__Exercise data__

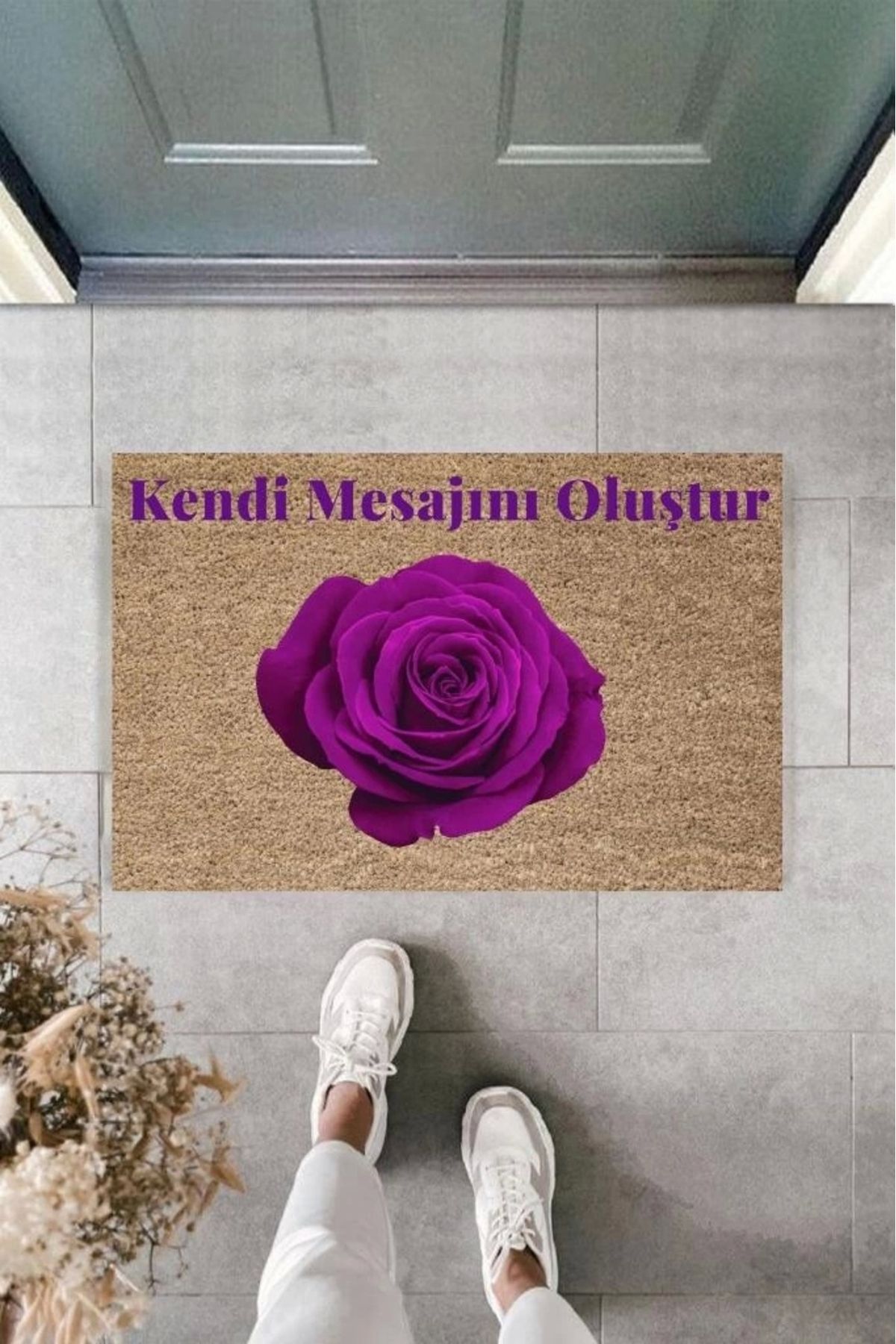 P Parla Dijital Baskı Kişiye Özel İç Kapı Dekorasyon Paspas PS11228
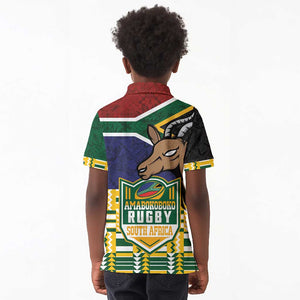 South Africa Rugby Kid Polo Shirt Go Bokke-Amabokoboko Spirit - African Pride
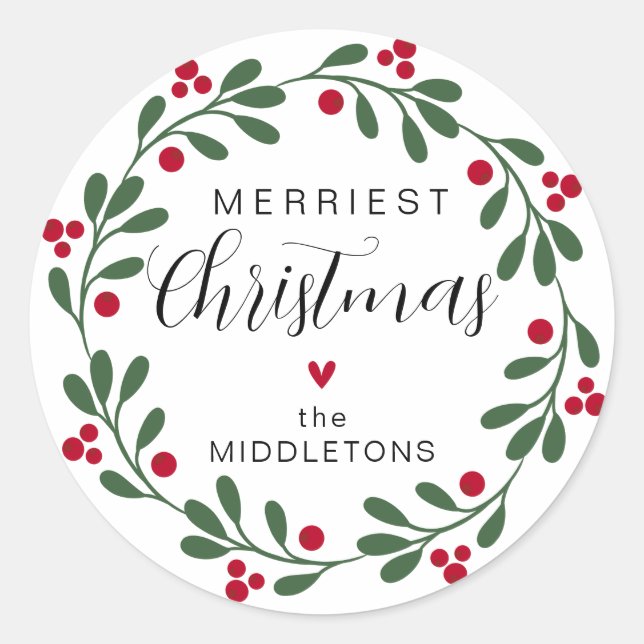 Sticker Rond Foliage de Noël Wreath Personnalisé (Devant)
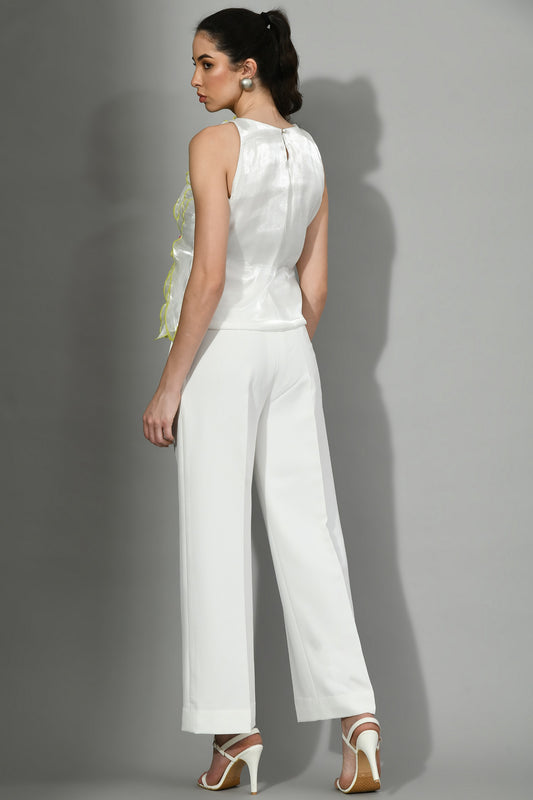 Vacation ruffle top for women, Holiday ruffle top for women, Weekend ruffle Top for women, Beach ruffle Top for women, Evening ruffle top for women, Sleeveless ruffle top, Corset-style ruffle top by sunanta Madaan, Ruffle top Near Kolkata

__What you are asked to do__
Starting at the line that contains "Sticker Rond Foliage", retype every line through the end of the material exactly as written, including both end lines but no pictures.

__Exercise response__
 Sticker Rond Foliage de Noël Wreath Personnalisé (Devant)
 Vacation ruffle top for women, Holiday ruffle top for women, Weekend ruffle Top for women, Beach ruffle Top for women, Evening ruffle top for women, Sleeveless ruffle top, Corset-style ruffle top by sunanta Madaan, Ruffle top Near Kolkata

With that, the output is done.